1. Unless we are subject to a court order or are a party to a privately negotiated agreement between the parties to a marriage, we are not automatically required to consent to arrangements such as the transfer of property over which we have a mortgage, or the re-allocation of debt between the parties.
2. While we will try to accommodate any new arrangements, we may need to conduct investigations into the parties' financial position so as to satisfy ourselves about the ability of the transferee of property or the party who has assumed liability for joint debts owed to us to fulfil the financial commitment to us by himself or herself.
3. We might either agree to the transfer of the property subject to the mortgage and release the other party from further liability or retain our rights under the personal covenants in the mortgage against that other party.
4. In the majority of cases we will be reluctant to release joint debtors from their joint obligation to the bank where the debt is an unsecured liability.
5. Where a transfer of the property subject to a mortgage is contemplated, applicants should keep in mind the following points:
- Allow sufficient time for us to make our assessment of the proposal; it is advisable to get in touch with us as soon as the likelihood of an agreement altering the interests of the parties in mortgaged property arises
- Don't enter into the agreement until you know that we will agree to the transfer
- We may be limited if we do not offer the same or similar product for sale
- We need to make a fresh financial assessment of the party who is to assume responsibility for the mortgage debt as we do with any new loan application
- Full financial particulars including the terms of the proposed agreement need to be provided to us before we can agree to anything
- If there are continuing credit facilities such as an overdraft on a joint (or several) account that are secured by a mortgage, we may have to stop further drawings on the account until the matter between you is resolved or unless both parties expressly agree to further drawings
- We are not able to divulge information about one of the parties to the other party or to their practitioners or representatives without that party's consent
- If there are other co-owners their consent will be required to any dealing with the property
- If other persons have guaranteed the parties' obligations to us, the consent of those guarantors might be needed before any re-arrangement of the facility
- There may be bank and other fees and costs payable for obtaining our consent to a dealing and in connection with the dealing itself
- Each application for our consent will be assessed on a case-by-case basis.
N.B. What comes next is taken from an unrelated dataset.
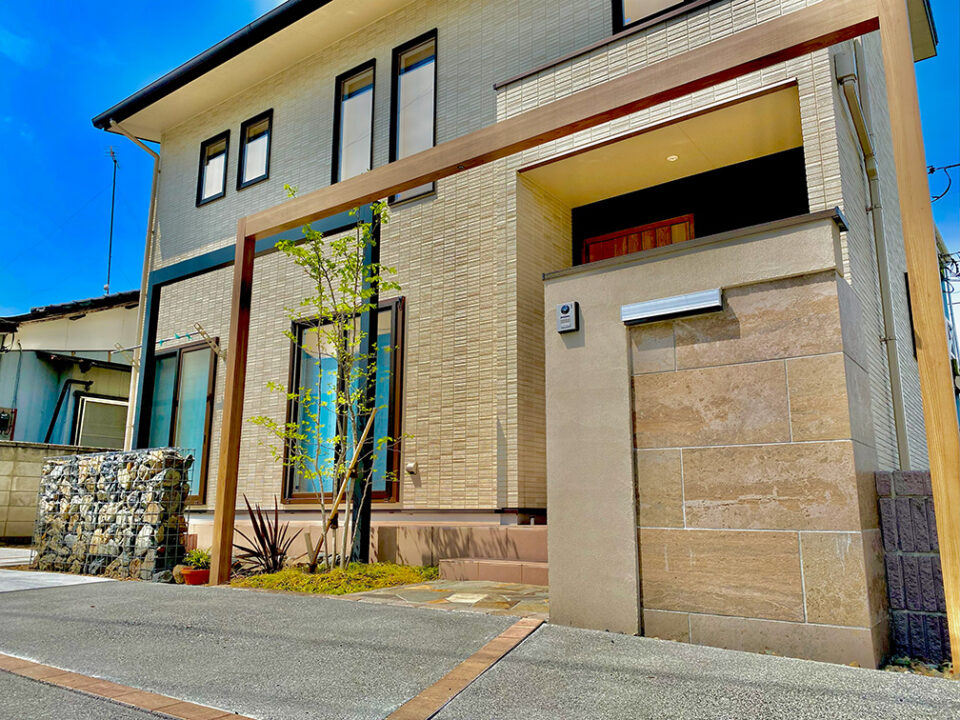 太田市わにわ
前橋市の建物と一体化するデザインプラン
6. When there is a proposal for one party to be responsible to repay a jointly owed unsecured debt to us, you should obtain our formal consent to and acknowledgement of this change in liability. All bullet points as part of item 5 above should be observed.
7. You will need to contact us to ascertain our likely attitude to releasing one of the parties as soon as possible after it becomes apparent that an agreement is likely to provide for a re-allocation of liabilities.
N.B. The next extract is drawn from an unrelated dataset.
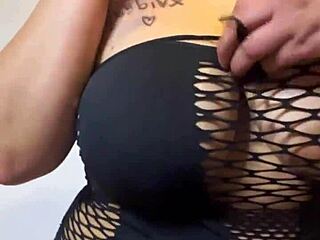 damn, my latina milf ass and tits on display here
8. If the court grants one party the sole right to reside in a property to the exclusion of the other party you should let us know. Our rights against the both parties under the mortgage over the property will be preserved unless we agree to release one of the parties from their obligations under the mortgage instrument.
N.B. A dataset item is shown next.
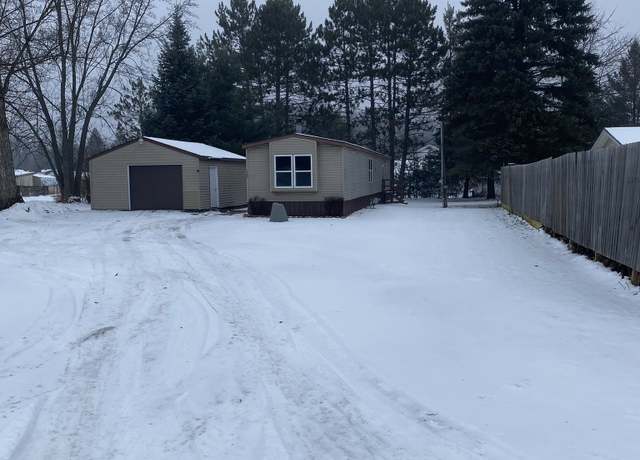 Property at 6266 W Fairlane Dr, Lake City, MI 49651, 3 beds, 2 baths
9. If we decline a transfer or release a party from further liability we will be entitled to enforce that liability, if that becomes necessary.
Things you need to know
You should note that these guidelines are intended to be for general information and guidance. They are not intended to be legal or financial advice. If you are contemplating or are involved in family law proceedings or a family law agreement you should seek specialist legal and financial advice.